Gold ETFs [such as (GLD)] and similar products make trading gold very easy. And that shows in the demand. The movements both up and down can be big. The category “OTC investment and stock flows” include institutional investment other than what is reported in category “Gold ETFs and similar products.” It also includes “stock movements and other elements as well as any residual error.”

Putting it all together

Producer hedging and de-hedging activities have a big impact to the supply of gold. To my knowledge most big players are done with de-hedging so the question is that when hedging will start again. Hedging means that total mine supply would grow creating downward pressure for the price of gold. The mine output is also growing all the time as rising price of gold makes more and more projects economically viable. On the other hand, each ounce of gold mined is away from the reserves which are finite.

Central banks know that gold is the ultimate currency so I would be surprised if they would be net sellers any time soon given all that is wrong in the world of finance. It is likely that those that have it sit tightly on top of it. Those that have too much paper reserves will look ways to convert paper to gold. All in all, it is hard to see any shocks coming from the supply side any time soon.

The demand side is not that stable. It is hard to estimate how big portion of buyers are pure speculators and how big portion of them are going to sit on top of their bullion no matter what happens.
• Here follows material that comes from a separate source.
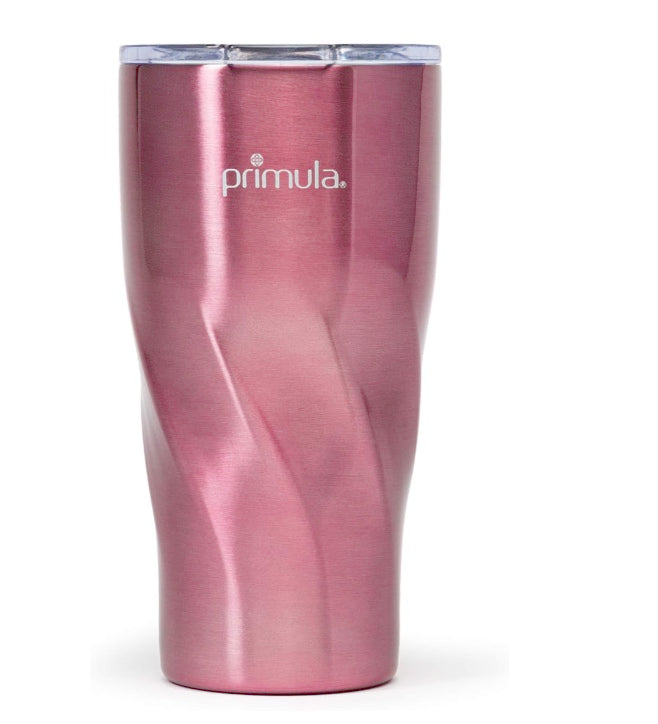 Primula Avalanche Double Wall Vacuum Sealed Travel Water Bottle 20 oz - Pink
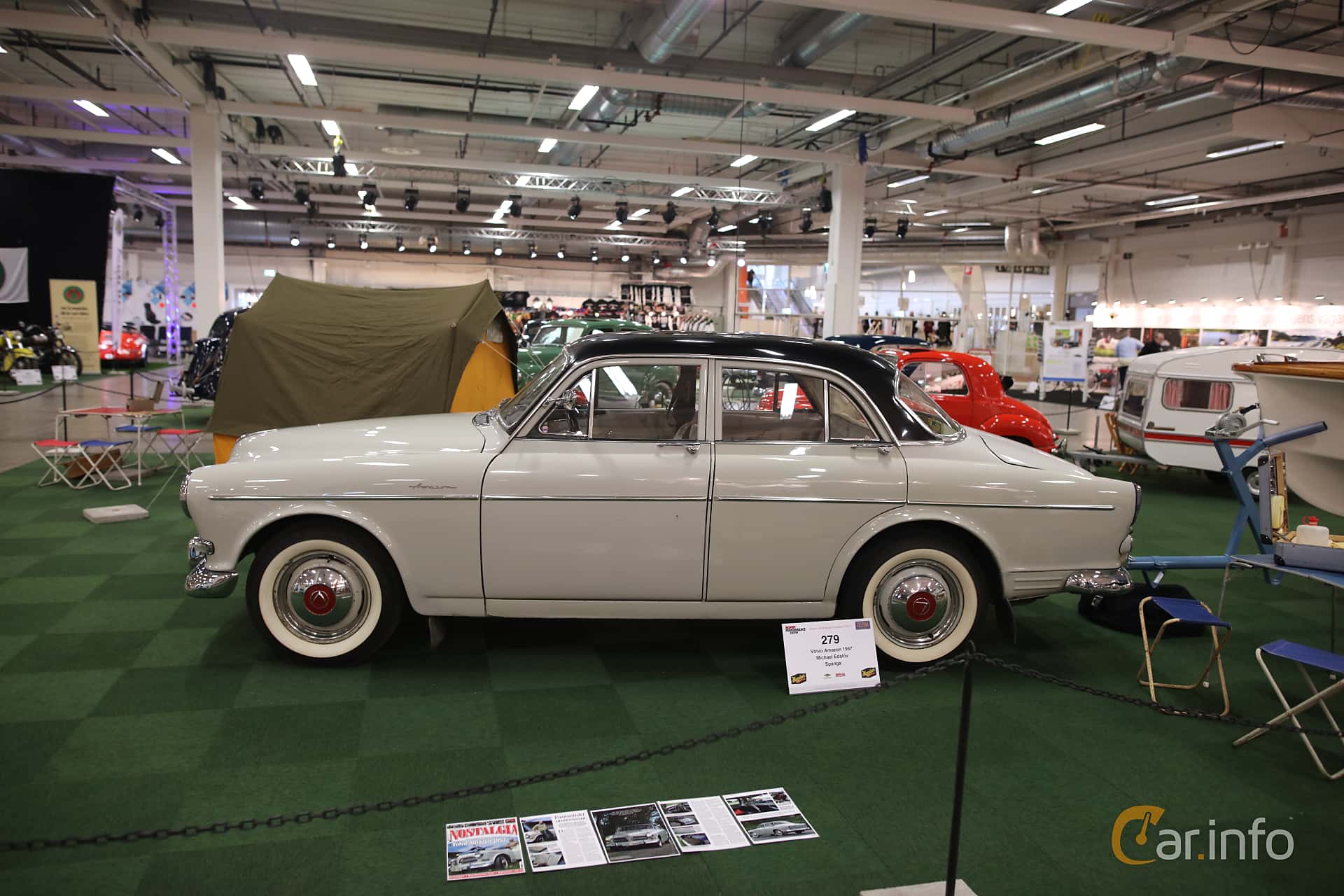 Volvo Amazon 121 1.6 Manual, 60hp, 1957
I would tend to believe that many who buy physical gold in form of either bars or coins are not going to easily sell. Gold coins and bars may be sitting in bank vault to start with so it is going to require much more effort to sell them than shares in some gold ETF. The cost of buying and selling bars and coins is also big enough to prevent short term speculation. However, the volume of gold sold in this way starts to be so significant that mere drop in sales will do a lot of damage. You do not need people to offload their bullion to send price downwards.

The most volatile demand for physical gold comes from ETFs. And there lies the most probable source for demand shocks along with futures markets. There is a clear gold fever going on and so far the fluctuations in demand in various categories have partly cancelled each other creating a rather smooth ride upwards.

10 year gold KITCO

I would say that there is about equal change of perfect storm sending prices sky high or sending them into abyss. A perfect storm will occur when big fluctuations in demand categories go the same way: either up or down. At any rate, I do not expect the gold fever to last forever. It is clear that a bubble is forming and at some point of time the music will stop and gold price goes to free fall mode. However, before this we might see a truly spectacular run.

My strategy is to gradually sell gold and buy value stocks as the price of gold gets higher or there is further decline in the stock market. I have also gold miners in my portfolio. So far gold has outperformed the miners, but I believe that might change in the future. My favorites in this sector are Barrick Gold (ABX) and Newmont Mining (NEM). They are among the biggest gold miners, have huge reserves and most of their mines are located in relatively stable regions.